Looked at side by side, the two accounts of the killing of J. H. B. Esterhuizen had an episodic quality, similar in the violence they portrayed, different in the meaning they attributed to that violence—on the face of it, two sides of the same coin. One was the lone voice of an individual remembering, the other spoke with the authority of the state. Each "episode" carried within it traces of the collective narrative of which it was a part, of the collective narrative that shaped its particular telling. These were accounts that followed different paths, each shaped by the history that preceded it and also by the layers of personal memory, collective memories, and "official" histories through which they had passed. On a personal level, it hardly mattered that the collective history of resistance later legitimized violence against the state and its collaborators, even such terrifying violence as the necklacing of other Africans.

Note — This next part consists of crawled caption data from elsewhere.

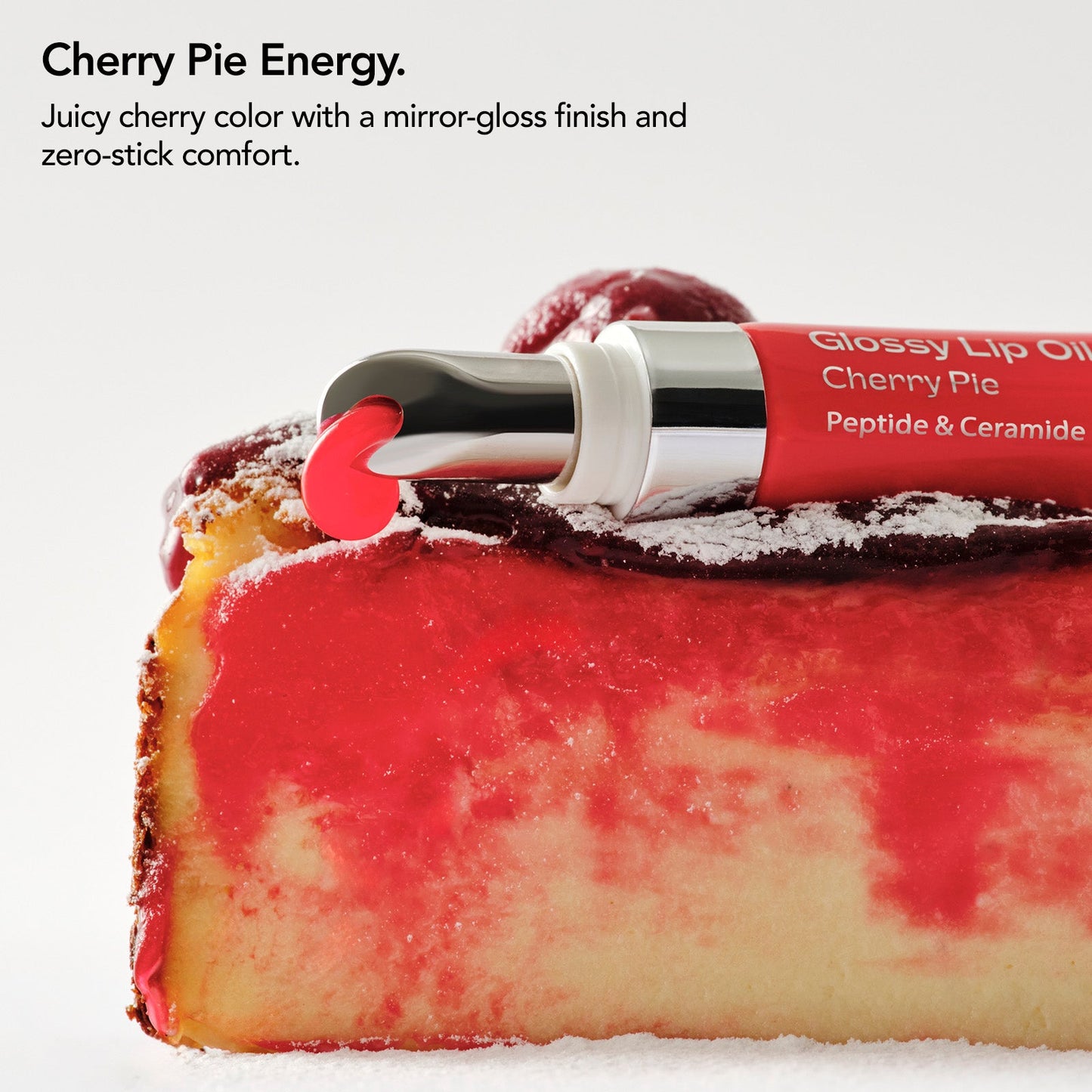 Glossy Lip Oil Balm - Peptide & Ceramid Infused - Cherry Pie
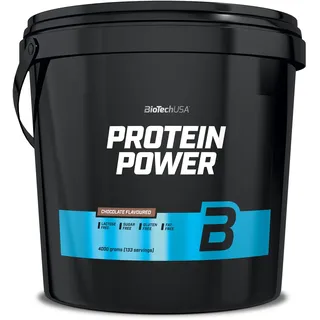 BioTechUSA Protein Power | Mehrkomponenten-Protein mit Kreatin | Mit Molkenprotein, Sojaproteinisolat, Calciumcaseinat | Zucker-, Laktose- und glutenfrei | 4 kg, Schokolade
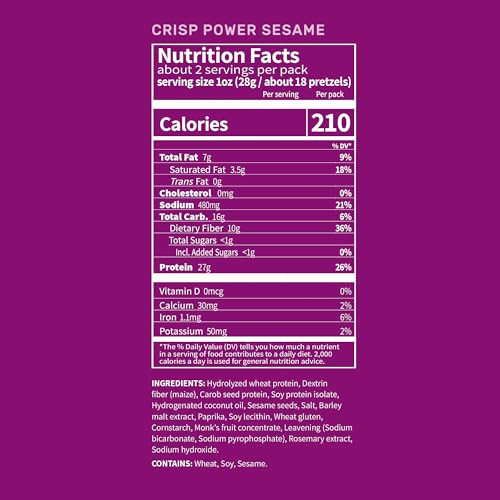 Crisp Power Protein Pretzel Snack Bundle Sea Salt & Sesame (6 Packs Each) Up To 28G Protein Per Pack Low Carb Vegan Plantbased Keto Baked Savory Pretzel Bites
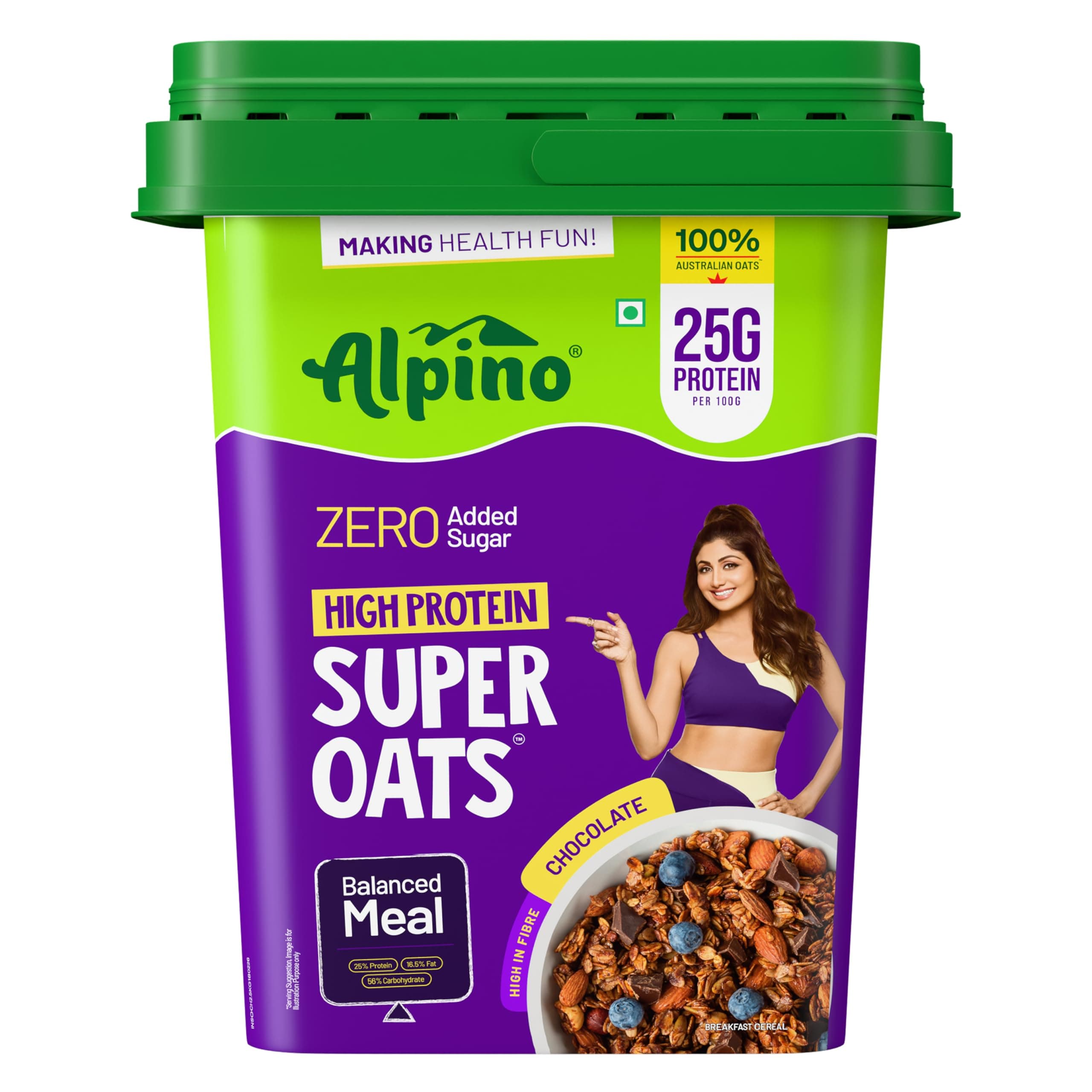 ALPINO 25g High Protein Super Oats Chocolate 2.5kg – Rolled Oats with Peanut Butter, Cocoa, Nuts & Seeds – Zero Added Sugar & Salt – Source of Dietary Fibre & Healthy Fats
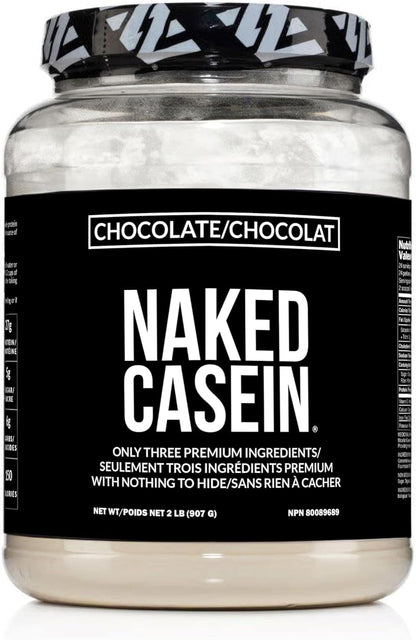 Naked Casein protein powder jar with black label on a white background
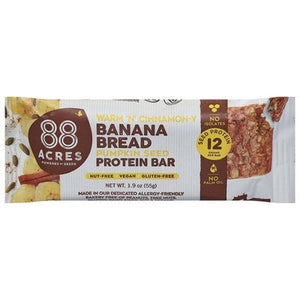 88 Acres Protein Bar Banana Bread Pumpkin Seed 9/1.9 OZ [UNFI-CARLISLE #2527380] [ebt]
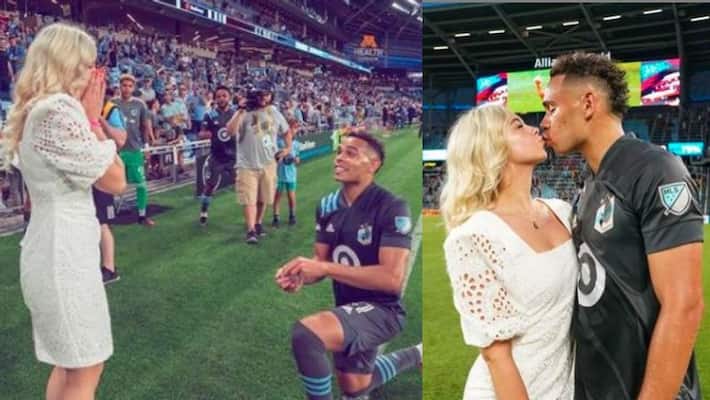 American footballer Hassani Dotson Stephenson propose his gf Petra Vuckovic on filed, video goes viral spb American footballer Hassani Dotson Stephenson propose his gf Petra Vuckovic on filed, video goes viral spb
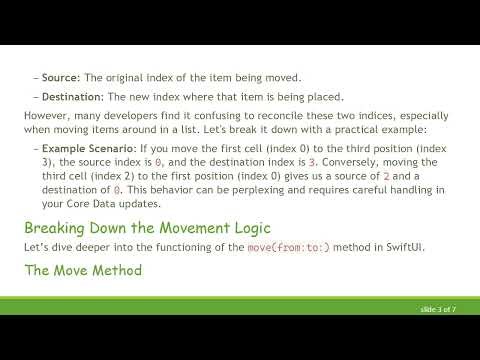 How to Move List Cells in SwiftUI and Sync with Core Data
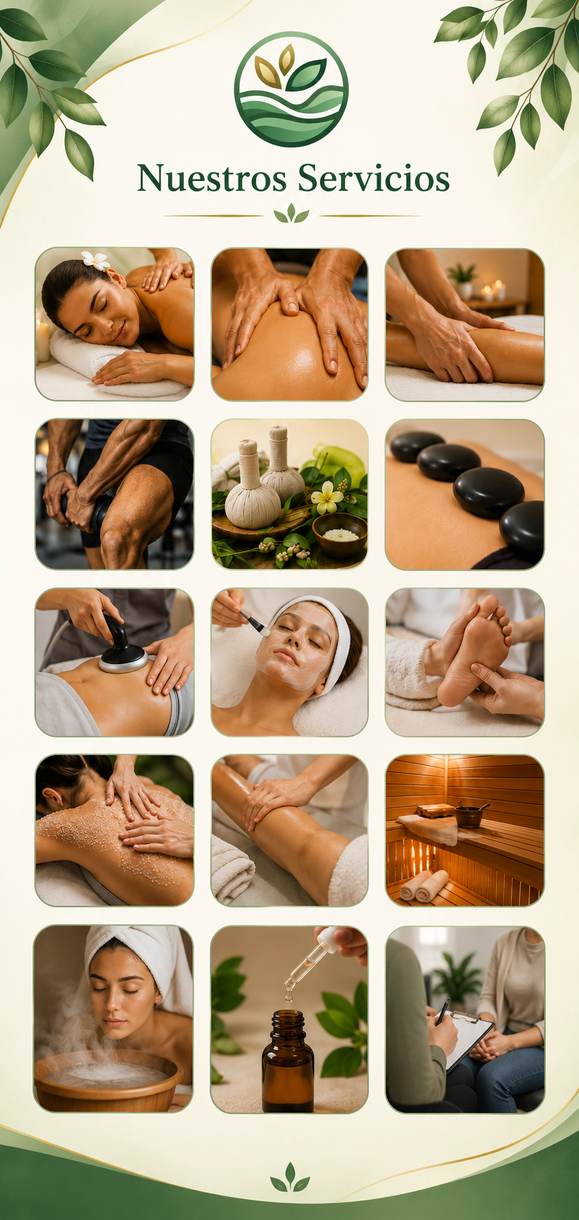 Collage de servicios de spa con imágenes de masajes, tratamientos faciales, piedras, velas y relajación bajo el título “Nuestros Servicios”.
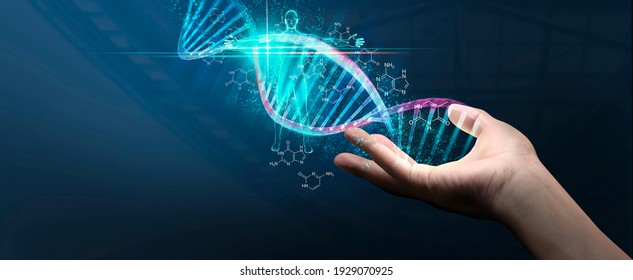 DNA concept of new ideas with Digital Virtual analysis chromosome DNA test of human in situations disease COVID-19 virus on hands in 3D illustration. Of free space for texts and creativity.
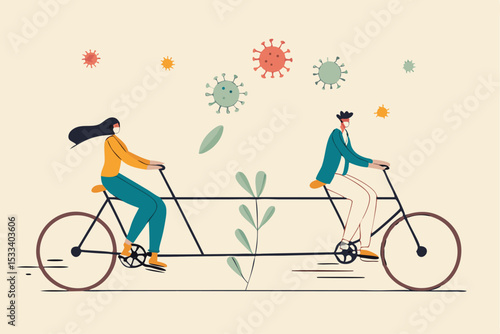 Social distancing, people keep distance in public to protect from COVID-19 Coronavirus outbreak spreading concept, couple man and woman keep distance away on tandem bicycle with Coronavirus pathogens.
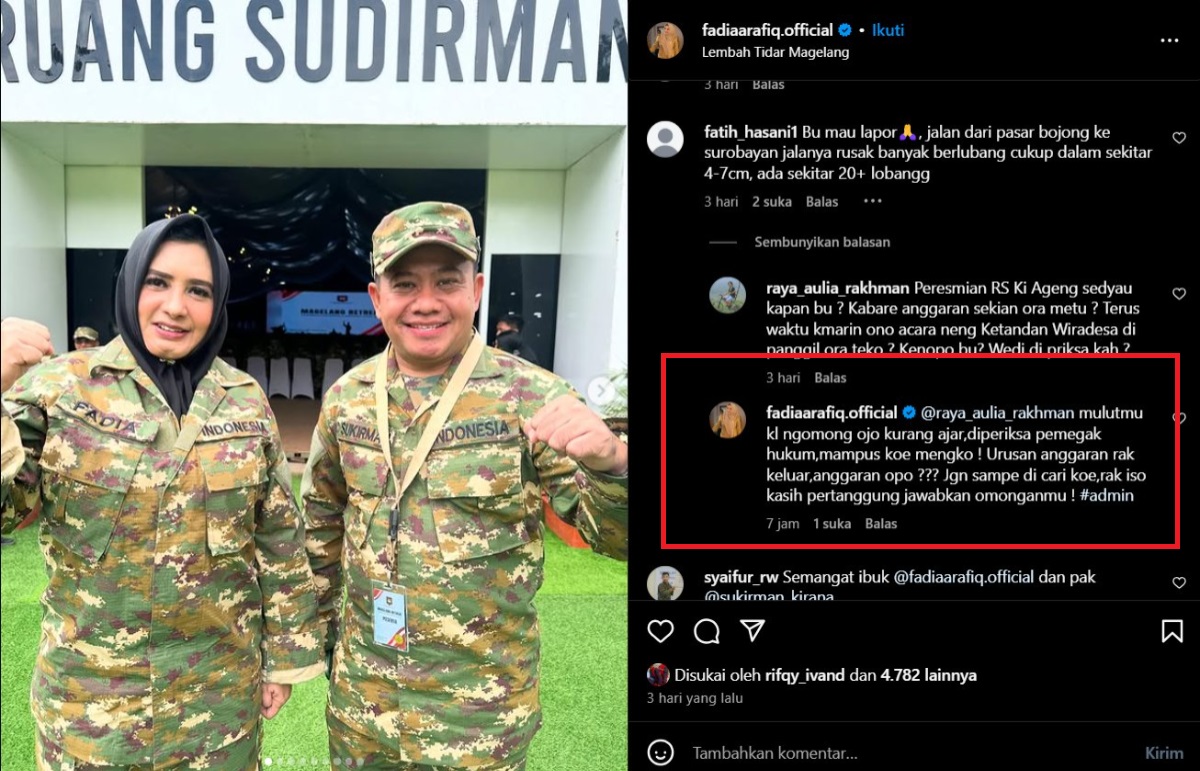 Viral jawaban kasar akun Instagram Bupati Pekalongan Fadia A Rafiq.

These were collective meanings that might be expected to shape the story at the time of the telling. At the time of the event, however, no such group or collective meaning existed, and the violence (or violent responses to police violence) had not yet become commonplace. The explosion of violence on June 16, on the part both of the police and of the schoolchildren, would have had a psychological impact at the time, and that, over time, would influence its telling. Nor would someone like Lilli, relatively protected from the excesses of police power and growing up in an era of dampened protest and muted resistance, have had any experience of such violence, either at the hands of others or on her own. The question remains, then, why this story, which had remained untold until our interview, emerged when it did.

The death of Esterhuizen was a landmark of memory marked by violence. It featured as prominently in the memory of individual participants as in the "official" apartheid versions of the uprising. What needs to be addressed is the emotional intensity with which this episode was charged. Collective and individual memory is powerfully linked to affect and emotion. Lilli was trying to make sense of the events that scarred her consciousness and her memory. She needed to find a place for the violence and the questions about herself it raised—questions about guilt being among them—to establish continuity in her own biography and memory.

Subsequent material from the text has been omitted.